Task item. I'd ask you to write out the lines below exactly, with no images.

Input data.
****************

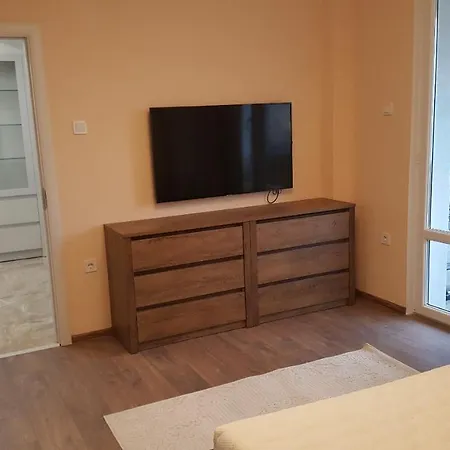 Apartment Stylish Flat - Vitosha Blvd And South Park *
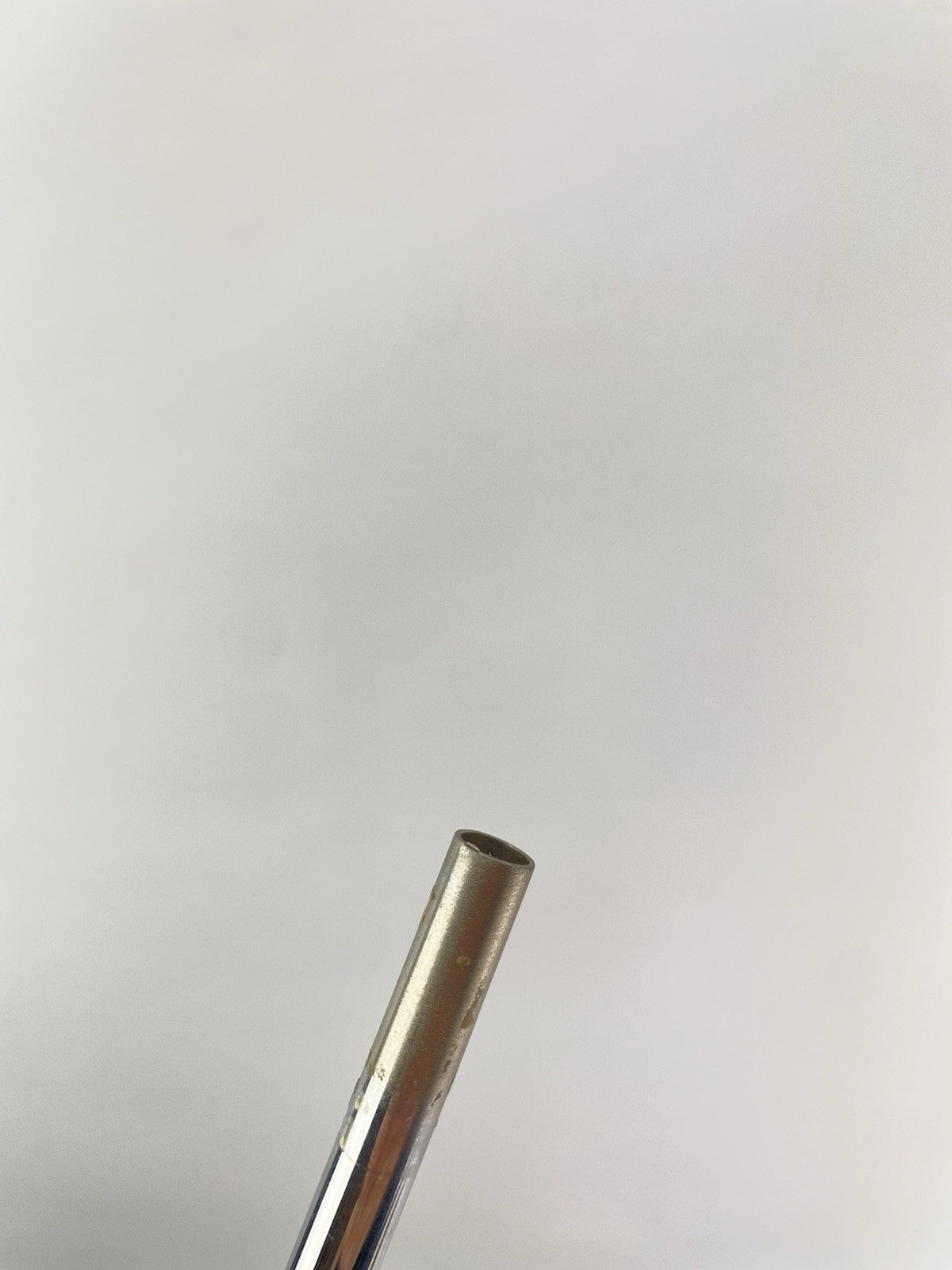 Dynamic Gold 120 Iron Shaft S300 Stiff Flex Steel 35.75 /0.355 Tapered /289129
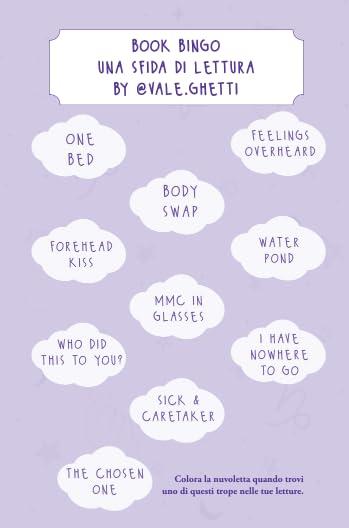 Lo zodiaco dei trope. Booklover approved - 5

****************

Task result.
 Apartment Stylish Flat - Vitosha Blvd And South Park *
 Dynamic Gold 120 Iron Shaft S300 Stiff Flex Steel 35.75 /0.355 Tapered /289129
 Lo zodiaco dei trope. Booklover approved - 5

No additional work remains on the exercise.